A Spatially-Explicit Modeling Approach to Examine the Interaction of Reproductive Traits and Landscape Characteristics on Arctic Shrub Expansion
Thursday, 18 December 2014
Shrub expansion is one of the most recognized components of terrestrial Arctic change. While experimental work has provided valuable insights into its fine-scale drivers and implications, the contribution of shrub reproductive characteristics to their spatial patterns is poorly understood at broader scales. Building upon our previous work in river valleys in northern Alaska, we developed a C#-based spatially-explicit model that simulates historic landscape-scale shrub establishment between the 1970s and the late 2000s on a yearly time-step while accounting for parameters relating to different reproduction modes (clonal development with and without the “mass effect” and short-distance dispersal), as well as the presence and absence of the interaction of hydrologic constraints using the topographic wetness index. We examined these treatments on floodplains, valley slopes, and interfluves in the Ayiyak, Colville, and Kurupa River valleys.

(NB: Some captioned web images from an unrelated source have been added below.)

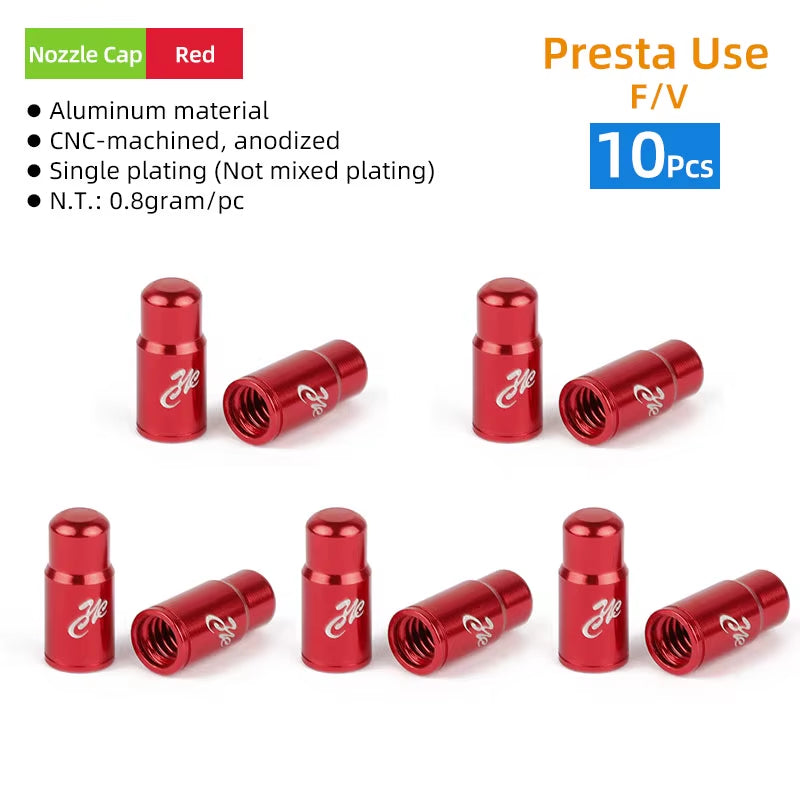 Presta Valve Core Brass FV Nozzle Replacement MTB Road Bike Tubeless Service Parts Alloy Remover Tool O-Ring Optional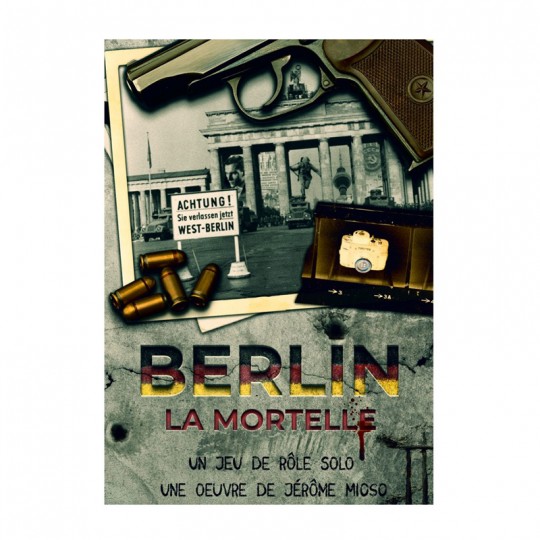 Berlin la Mortelle - Jeu de Rôle Solo Les Fondations de l'Imaginaire - 1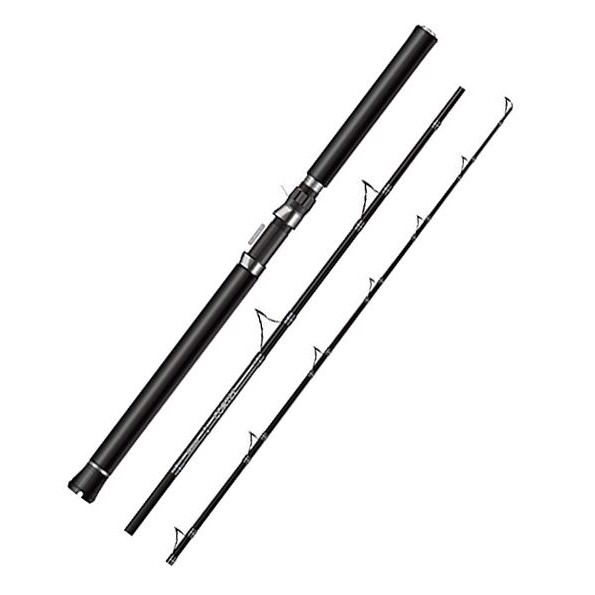Okuma Cortez 50lbs Trolling Stang med Taske – Black Friday!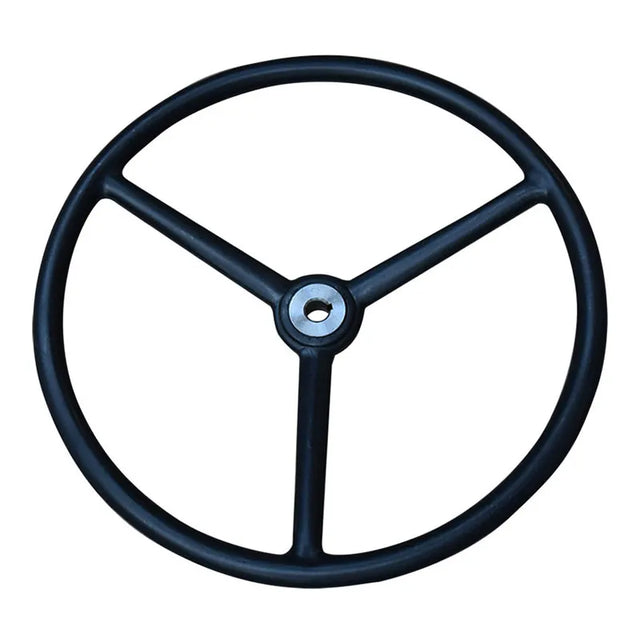 Massey Steering Wheel 35 135 Key Way Smooth Finish - Compatible with Massey Ferguson & More
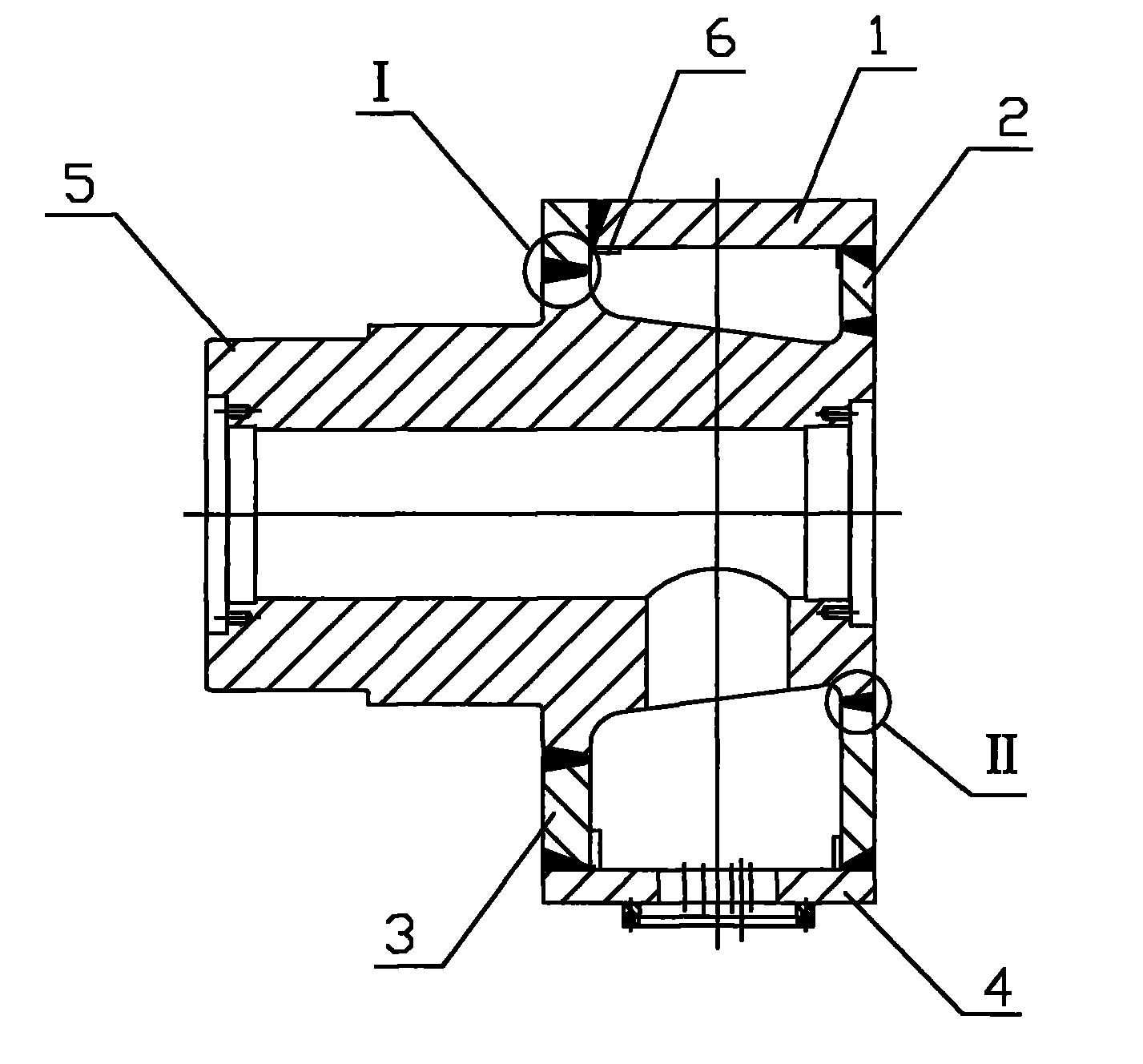 一种u型开口结构的转炉托圈-爱企查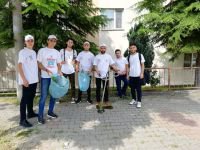AK GENÇLİK’TEN ÇEVRE DUYARLILIĞI!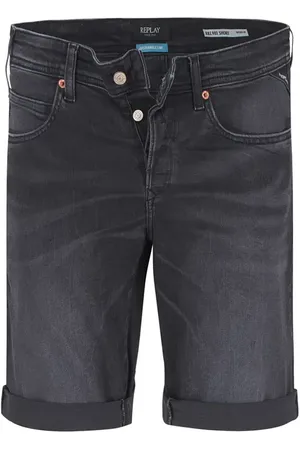Replay Herren Jeansshorts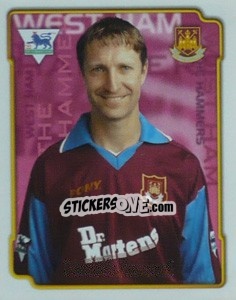 Sticker John Moncur - Premier League Inglese 1998-1999 n. 504 - Merlin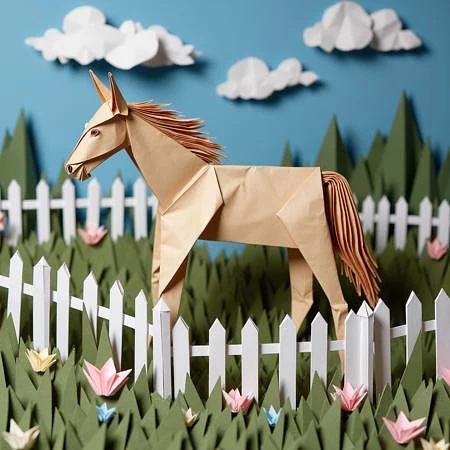 Featured image #1 for Origami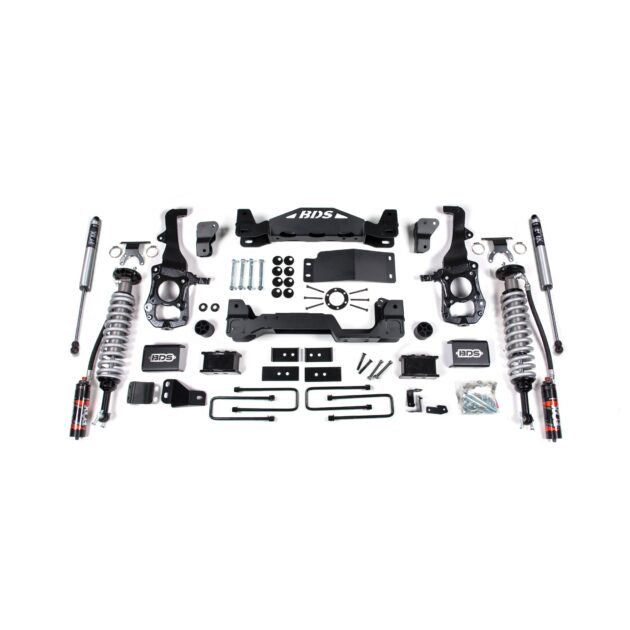 6 Inch Lift Kit - FOX 2.5 Performance Elite Coil-Over - Ford F150 (21-24) 4WD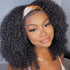 Gabriella Kinky Curly Headband Wig - True Glow Naturals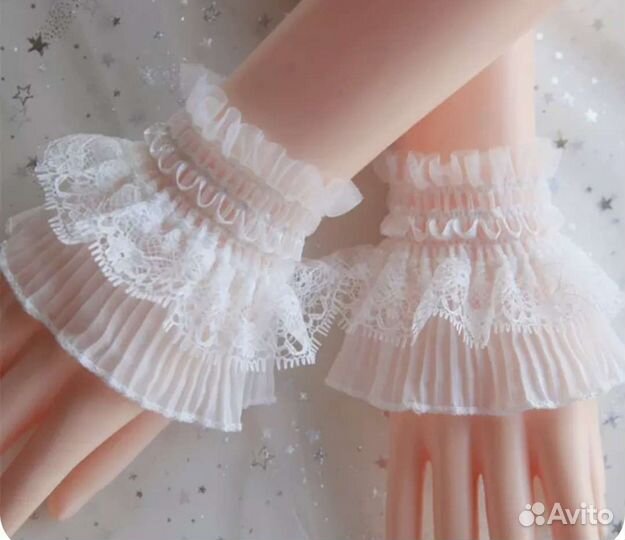 Манжеты кружевные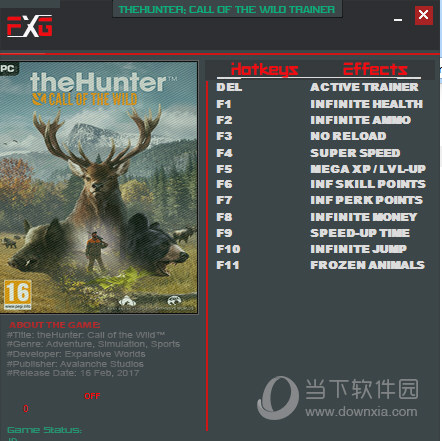 猎人荒野的呼唤steam修改器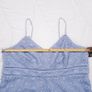 Marks & Spencer Cornflower Blue Floral Crochet Lace Strappy Midi Dress 22UK/50EU Image 10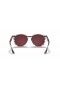 Ray-Ban RB4306 L (54 - 19) le Violet lionsaí agus Sunglasses fráma Dearg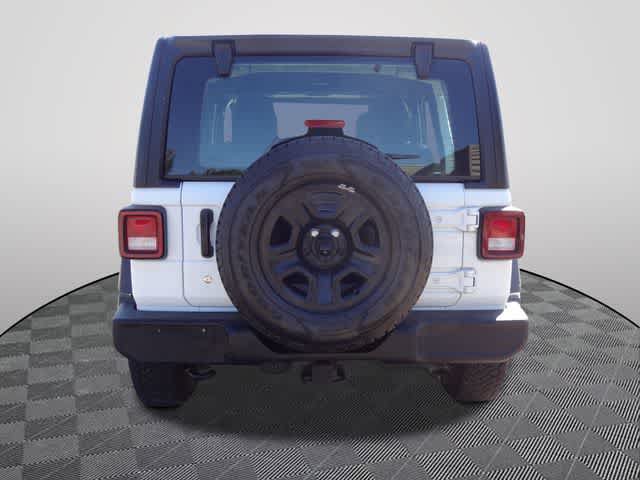 Used 2021 Jeep Wrangler Unlimited Sport AWD/4WD image 3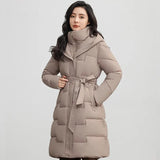 THE AURA WOMEN'S DOWN COTTON JACKET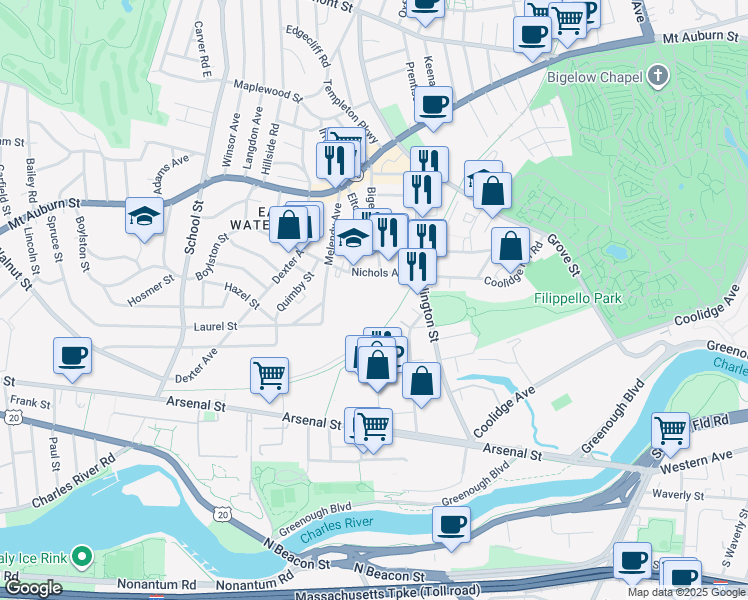 490 Arsenal Way, Watertown Town MA Walk Score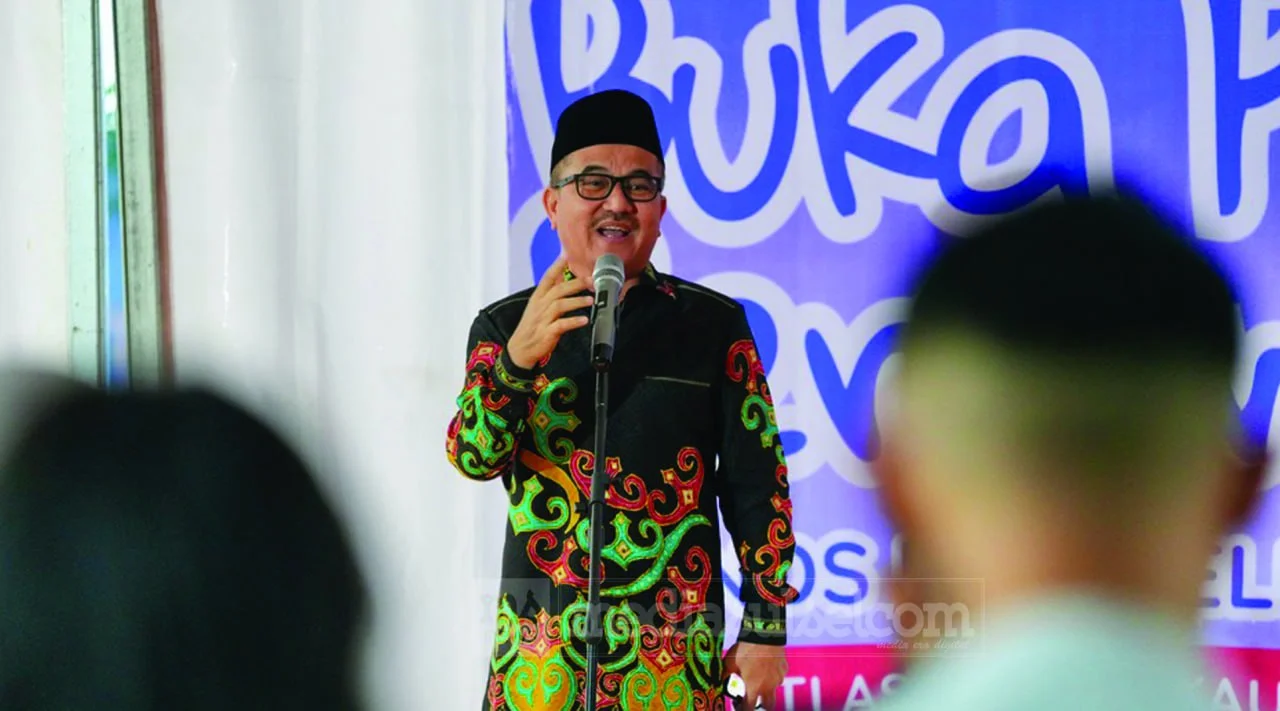 Hadiri Buka Puasa Hoplin Preschool Makassar, Sekda Sulsel Bicara Masa Depan Pendidikan Anak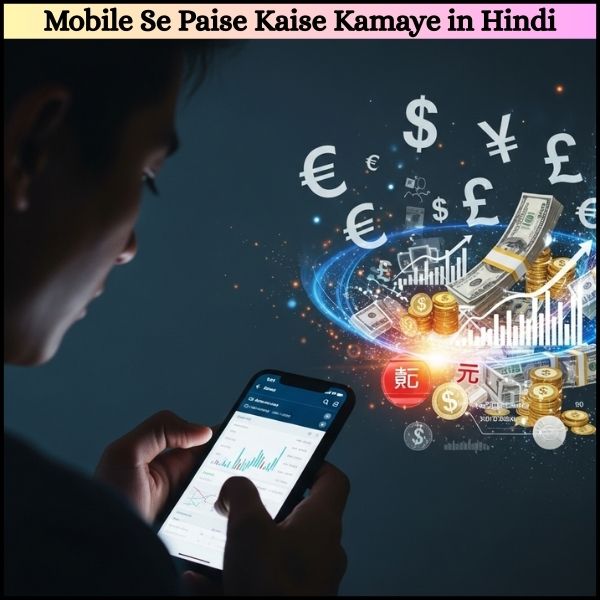 Mobile Se Paise Kaise Kamaye in Hindi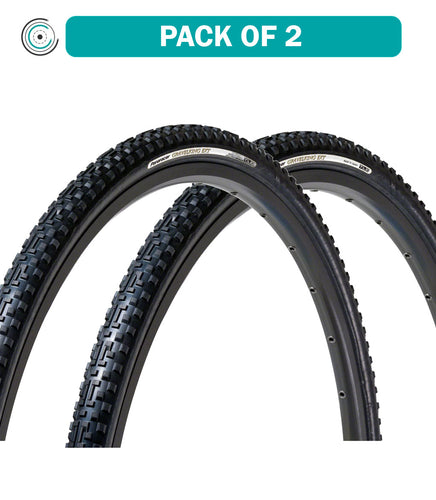 Panaracer-GravelKing-EXT-Plus-Tire-700c-33-Folding-TIRE2079PO2-Folding-Tires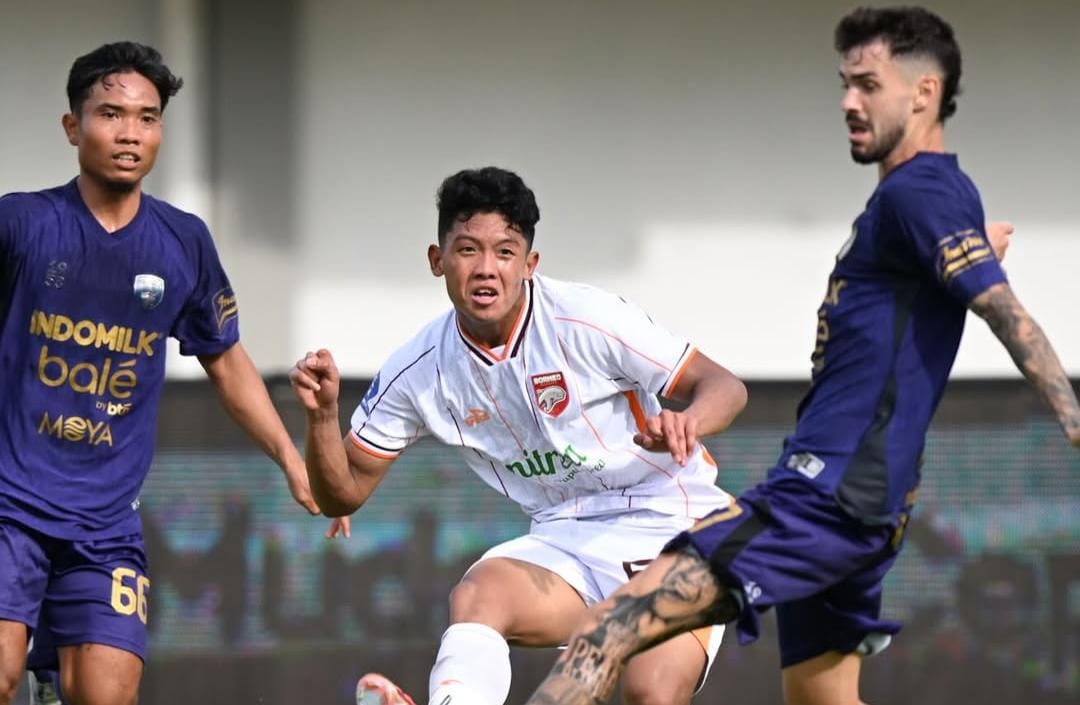 Borneo FC Takluk di Kandang Persita Tangerang dengan Skor 2-0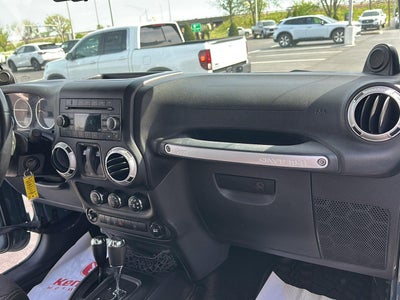 2014 Jeep Wrangler Sahara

After simulating 30 landscape realizations using each parameter combination, we quantified the spatial characteristics (patch density, edge density, patch size variability, area-weighted shape index, area-weighted fractal dimension index, and mean distance between patches) of the resulting shrub patches on the simulation end date using FRAGSTATS. We used Principal Components Analysis to determine which treatments produced spatial characteristics most similar to those observed in the late 2000s. Based upon our results, we hypothesize that historic shrub expansion in northern Alaska has been driven in part by clonal reproduction with the “mass effect” or short-distance dispersal (< 5 m). The interactive effect of hydrologic characteristics, however, is less clear. These hypotheses may then be tested in future work involving field observations. Given the potential that climate change may facilitate a shift from a clonal to a sexual reproductive strategy, this model may facilitate predictions regarding future Arctic vegetation patterns.